Friday, Mar. 13, 1964

Balletomime

If this were an animated movie, it would not be so surprising. But that is a real man up there on the stage, and that was his bow tie that just came off and is now flying around like a butterfly. Strings? No strings.

It is a matter of lighting. There is actually an invisible performer walking around the stage manipulating the bow tie. The invisibility is achieved through a stage-light trick known to conjurers since the darkest of the Dark Ages. Under properly angled lighting, a black object against a black backdrop cannot be seen by an audience. Developing its material on this simple principle, a Czechoslovak troupe known as the Black Theater of Prague has become internationally famous.

They do about seven sketches in an evening, never saying a word, mixing ballet, pantomime and animated cartoonery. In any given sketch, two or three actors will be visible, and two or three phantoms will be on the stage with them, making brightly colored inanimate objects move about as if by magic.

Rolling Cubes. In Prelude, a man and a woman, sitting at opposite ends of a park bench, are reading. They exchange tentative glances but are too shy to speak. The man's umbrella, however, is not shy at all. It rises and moves toward the girl's umbrella, which responds, and floats up into the air as well. The man and woman move to opposite sides of the stage and stare pensively into the wings.

The bench they were sitting on is actually six big cubes, which now tilt forward to show a mammoth piano keyboard painted on their sides. The umbrellas pick out a waltz, note for precise note, in two-part harmony. This brings the man and woman together. The cubes roll over again and become an automobile with painted wheels. The couple goes for a drive. The wheels spin. The girl's hair blows in the wind. Paper puffs of exhaust smoke head for the wings. The girl loses her scarf. The car backs up to retrieve it. The smoke reverses direction and goes back into the exhaust pipe. Love can do anything. Curtain.

Jiri Srnec thinks these things up, and is the Black Theater's No. 1 performer as well. He is 33, a short, stocky man with a bull neck, a round head, and a freshly scrubbed demeanor. He has a Ph.D. in music, another in theater, and another in art. Sometimes foreigners confuse his Black Theater with Lanterna Magica, another Czech theatrical group, which dazzled visitors to the 1958 Brussels World's Fair with a theatrical hybrid of song, speech, and film bits projected onto odd-shaped screens. But Srnec is swiftly clearing up the confusion the world over. The Black Thea ter was a hit at the 1962 Edinburgh Festival, recently finished a successful stand in West Germany, and is now making a 105-performance tour of Australia. Last week it opened in Hobart, where Tasmanian society treated the group's coming as almost the greatest event since the arrival of Tasman, the Dutch explorer, in 1642.

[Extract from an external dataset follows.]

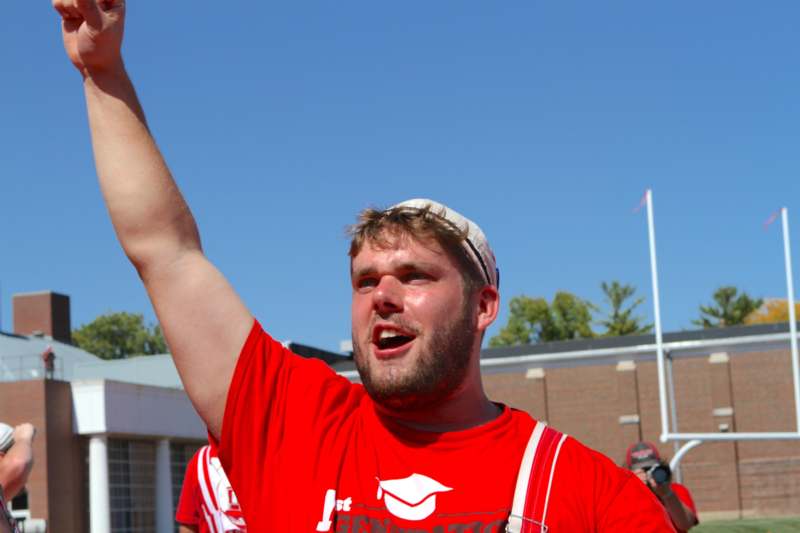 a man in red shirt with his hand up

Collectivized Clothesline? Not everyone in the audience knows quite what to make of these weird Communist carryings-on. Appreciating its brilliantly abstract artfulness, nervous Aussies nonetheless wondered if the troupe might not be putting something over down under.

Up went a clothesline. Ah, ha! The party line. Clothes went onto the clothesline. What could they symbolize? Two pairs of men's underwear began to fight over a pair of frilly panties. They kicked, tripped and bashed at each other until one slumped in defeat. The winning male underwear hipped up to the wigglingly impressed panties and the two dove together into a clothes basket to do a little Czechmating.

Then the Australians relaxed and en joyed it. After the underwear came out of the basket and returned to the line, a pair of children's underpanties soon appeared there, too, then one, two, three more in diminishing sizes. That kind of collectivization is ring-a-ding-dingo from northern Queensland to the Tasman Sea.